Dawn reported that in a letter addressed to the chief justice dated Aug 24, Justice Isa said the Constitution mentioned the various jurisdictions of the apex court, adding that they could also be conferred by law.
On August 20, a two-member bench of the SC, including Justice Isa and Justice Jamal Khan Mandokhel, had taken up the case on a petition filed by the Press Association of the Supreme Court, which noted that journalists are being harassed frequently.
The two-judge bench had then issued the order that since the application had questioned matters of public importance pertaining to the enforcement of fundamental rights, it merited invoking of the suo motu jurisdiction of the top court under Article 184(3) of the Constitution.
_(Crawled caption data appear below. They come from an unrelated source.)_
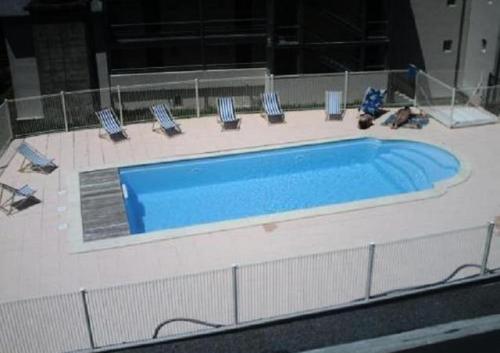 a large swimming pool with chairs on a building at Les Gloriettes in Luz-Saint-Sauveur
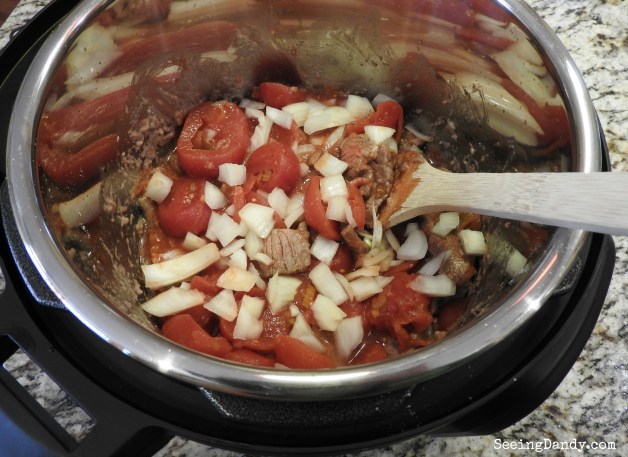 Stirring Instant Pot round steak with onions and tomatoes.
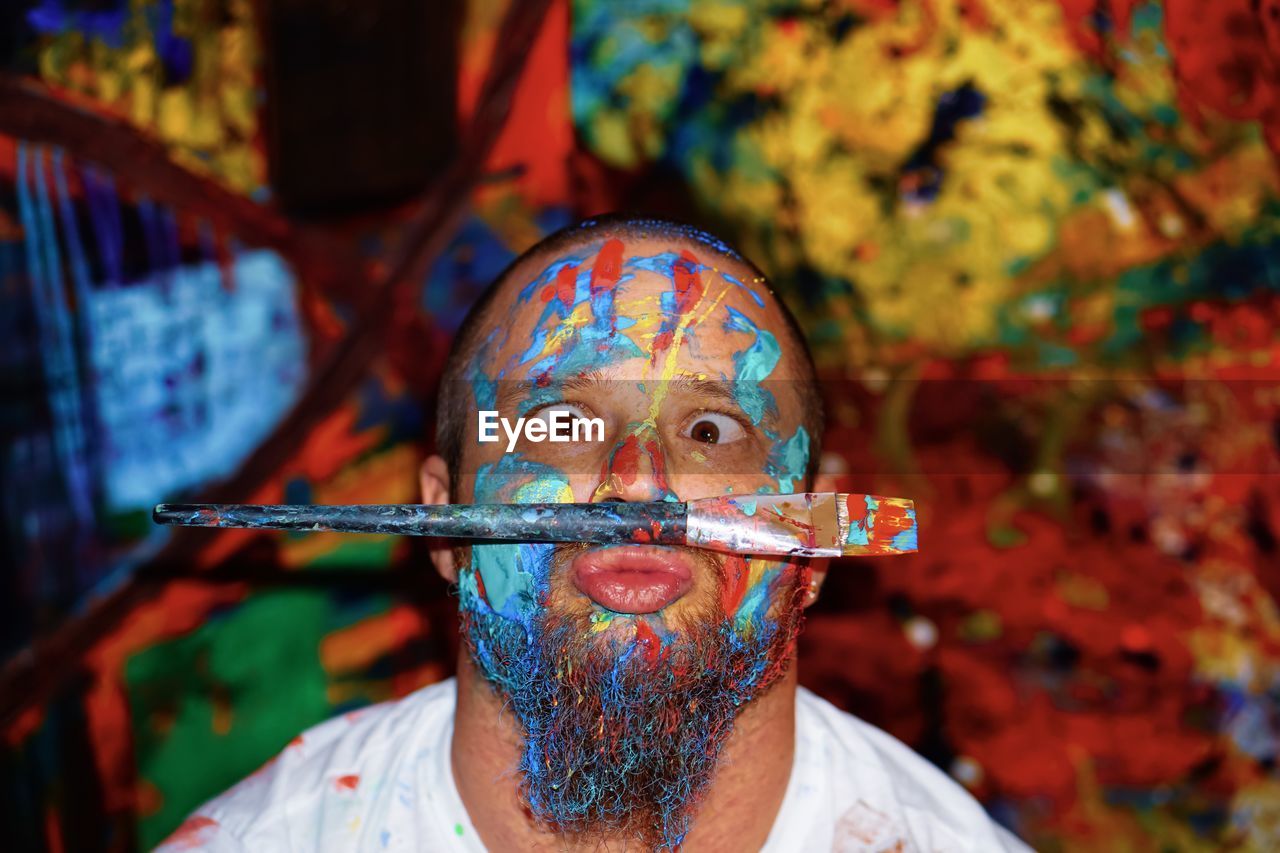 Portrait of funny man with messy painted face and paintbrush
However, Justice Umar Ata Bandial had responded to the development by forming a larger five-member bench of the apex court on Saturday to clarify the court's suo motu jurisdiction. This new bench had put the Aug 20 order in abeyance on Monday, observing that its implementation may raise doubts about the act of invoking suo motu jurisdiction.
Justice Isa has now written to CJP Gulzar, who is abroad on leave, justifying the invocation of suo motu. In the letter, he further wrote, "No jurisdiction is conferred which permits one bench to monitor the working of another bench, let alone to hold its orders in abeyance."
He also said that the five-member bench did not have the jurisdiction to entertain the case because the Constitution did not allow 'monitoring jurisdiction'. "Any purported order passed by the purported larger bench would be a constitutional nullity, void and of no legal effect," Justice Isa said.